What Happens When You Default on a Title Loan?

What Happens When You Default on a Title Loan?

Many people live paycheck to paycheck, and title loans are an increasingly popular way of making ends meet. Nearly everyone needs a car for work, and if you possess a title for that vehicle, that ownership empowers you to take out secured and relatively small loans. But what happens when you cannot pay back the money borrowed in time and therefore default on the loan?

Laws Governing Title Loans Differ from State to State

The information provided here is as general as possible. It will apply in most cases, but it is important to understand that the laws in your state and even your local jurisdiction matter. Some states have almost no title loan laws at all while others heavily legislate this kind of lending. It helps to know the laws in your state so that you are aware of your rights as well as the rights of the lender.

What Does It Mean to Default on a Title Loan?

Defaulting on a loan means that you have failed to pay the principal and/or the interest in the agreed upon time frame. Both you and the lender are bound by the contract that was signed, and the limits of that contract are governed by law to some degree. When you default on a debt obligation, the lender has recourses available to it. In the case of a title loan, the loan is secured and the lender holds your title. Therefore, the recourse available to your lender is to repossess the vehicle and sell it at auction to recoup its losses.

Title loan lenders do not want you to default. Having to repossess a vehicle and sell it at auction is not some great windfall for them. Therefore, most lenders have options built into their contracts that help borrowers avoid defaulting. These can include:

  • Refinancing
  • Payment deferrals
  • Late payment fees

How Many Missed Payments Result in a Default?

Generally, you cannot default on a loan due to a single missed payment. However, the exact threshold will depend on your state and the specifics of the contract. In fact, the contract should be explicit in how late and missed payments will eventually lead to a default.

The Loan Defaulted. What Is the Next Step?

Before a title loan ever defaults, the lender will be in contact or at least attempt communication with the borrower in order to request payment or work out an alternative. As soon as the default threshold in the contract is met, the lender is in its right to repossess the vehicle. Lenders want to avoid this step if at all possible and will generally only make it at the point it has lost confidence in repayment. Lenders usually have contracts with repo agents who handle the logistics of vehicle repossession.

The Vehicle Has Been Repossessed. Now What?

As soon as the lender is in possession of the vehicle, it has the right to auction. There are generally laws governing how soon it must do that, the types of auction that are allowed and so forth. Lenders still want to avoid the auction even at this point if possible, so many offer a grace period in which you can get current with your loan in order to take back possession the car. Be mindful that there will usually be additional fees that will cover the repossession and so forth.

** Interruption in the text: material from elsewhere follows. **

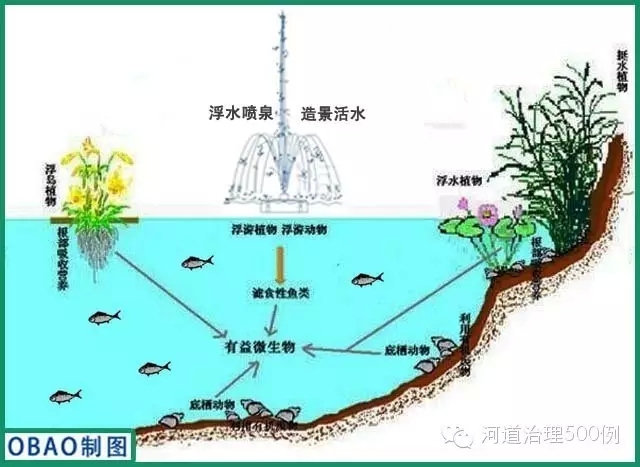 水体生态系统构建示意图 水体生态系统构建示意图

If you do not come to an agreement with the lender, the vehicle will be auctioned. Generally, these auctions will involve many other vehicles that have been repossessed due to title loans and other reasons. The car will generally have a reserve price that may not be published and covers the amount owed to the lender and repo agent. There may also be administrative fees.

What Happens If the Vehicle is Auctioned?

Sales are final, and the title will be transferred to the new owner. You have no rights to the vehicle at this point. In fact, you lost them as soon as the default threshold was met. However, you still have rights. The lender is not legally allowed to profit from your misfortune. The proceeds from auctioning the car can cover the amount owed to the lender, the amount owed to the repo agent and any administrative fees up to a legally defined limit. If there is any profit beyond that amount, that money is yours, and the lender must issue it you in a timely manner in accordance with the law.

Will Defaulting Affect My Credit?

Title loans are secured loans. That means that credit is not involved unless some aspect of your loan was unsecured. Even if you miss a payment or three, as long as you make good on the loan before it defaults, your credit will not be affected. This can change as soon as you default on the loan, however. Repossessions are matters of public record, and they generally will affect your credit score. Therefore, if you have defaulted on a loan, you should do everything in your power to avoid the repo phase.

Can I Go to Jail?

No! In the United States, there is no such thing as a debtors’ prison or the like. A title loan is a civil debt, and you absolutely cannot go to jail for defaulting on a civil debt. The only debts you can go to jail for are federal crimes, such as failure to pay your taxes or failure to pay child support.